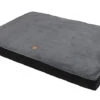 Animalis - Matelas Tissu Suédine Noir Et Gris Pour Chien - 100x65x12cm -Magasin De Fournitures Pour Chiens 72661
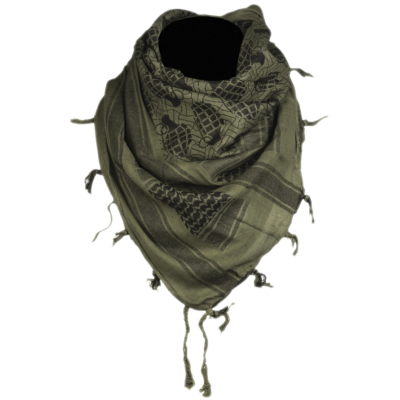 Sciarpa Shemag Kefiah in Cotone Colore Verde/Nera by Mil-Tec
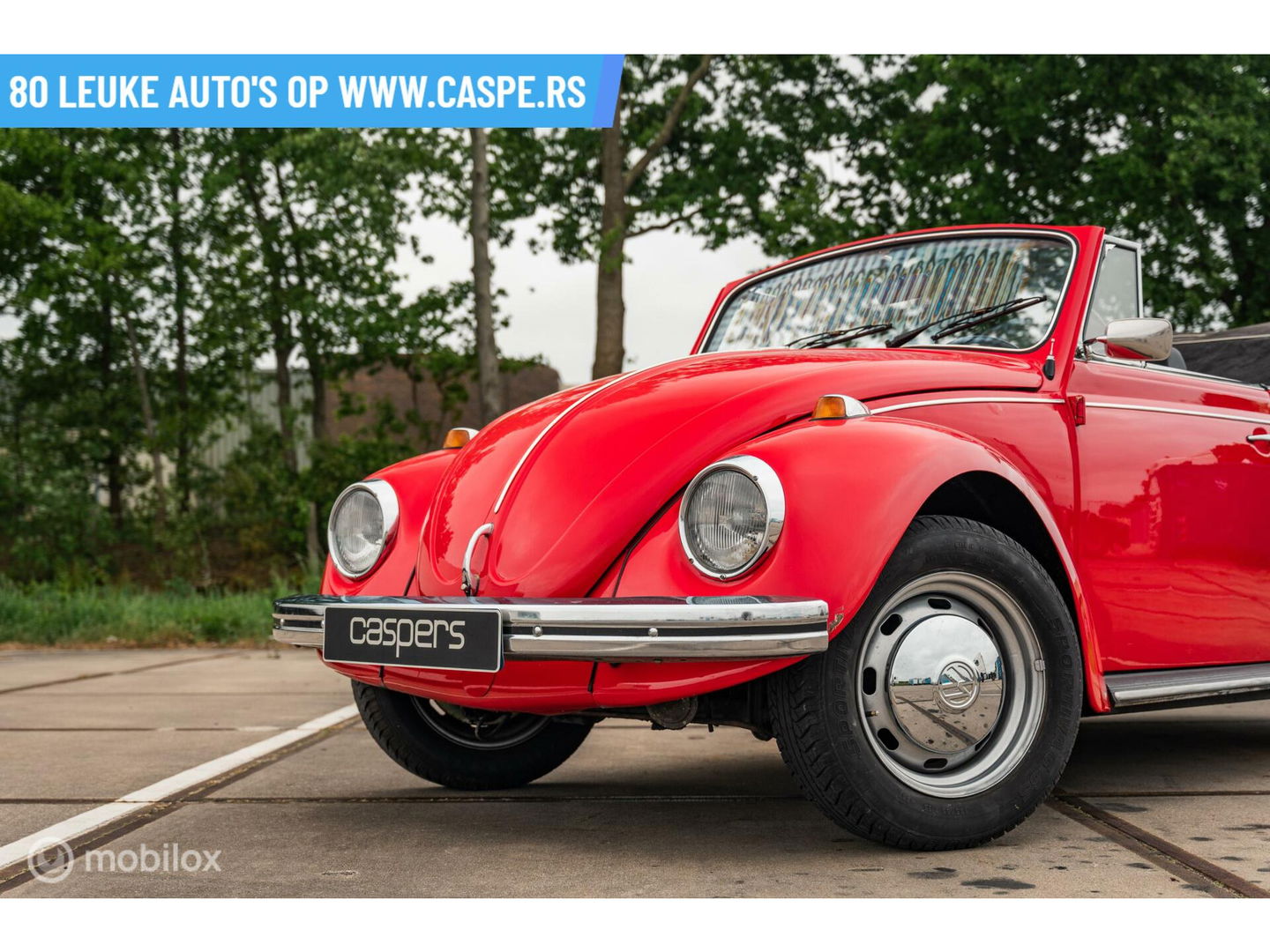 Volkswagen Kever Cabriolet 1500| Type 15 | Vlakke ruit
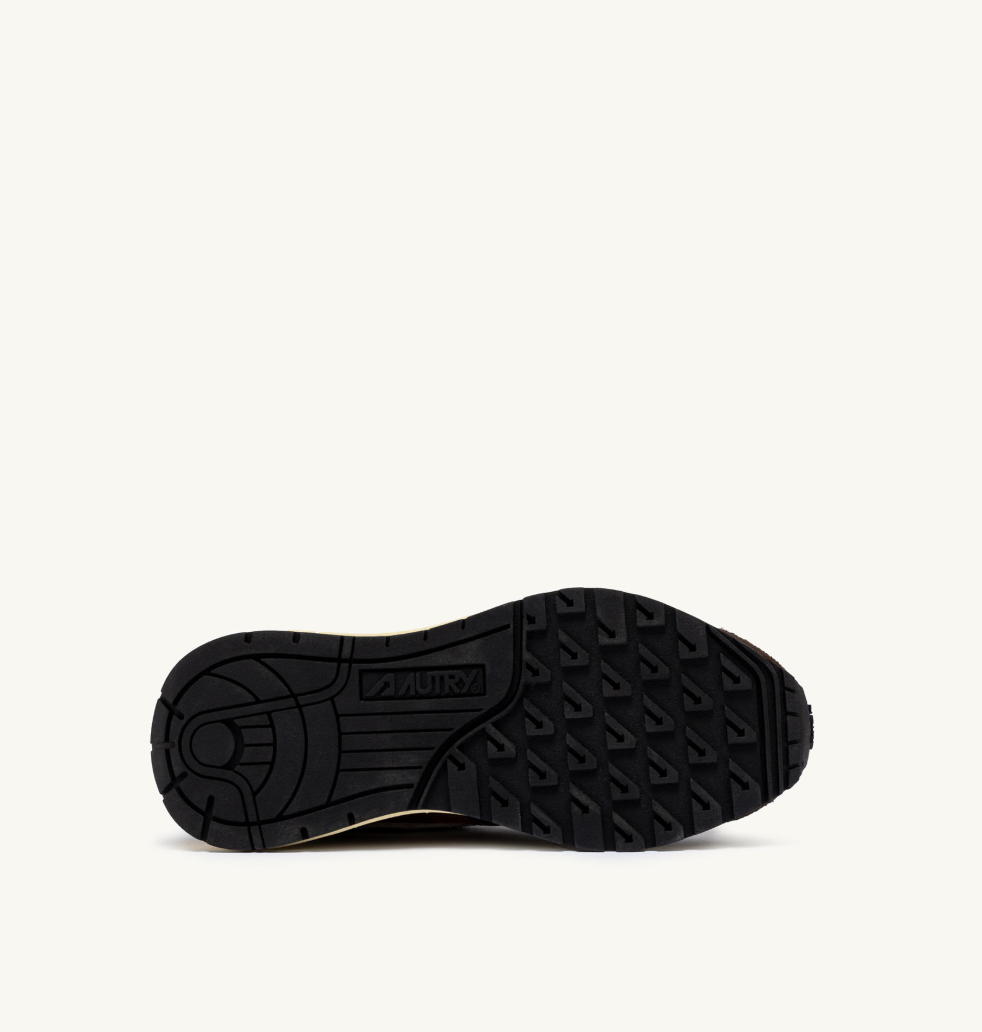 REELWIND LOW SNEAKERS IN EBONY AND WHITE SUEDE AND NYLON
--
▶ **To do**: Retype the full listing above precisely. Exclude each picture you find in it.

▶ **Your response**:
 Animalis - Matelas Tissu Suédine Noir Et Gris Pour Chien - 100x65x12cm -Magasin De Fournitures Pour Chiens 72661
 Sciarpa Shemag Kefiah in Cotone Colore Verde/Nera by Mil-Tec
 Volkswagen Kever Cabriolet 1500| Type 15 | Vlakke ruit
 REELWIND LOW SNEAKERS IN EBONY AND WHITE SUEDE AND NYLON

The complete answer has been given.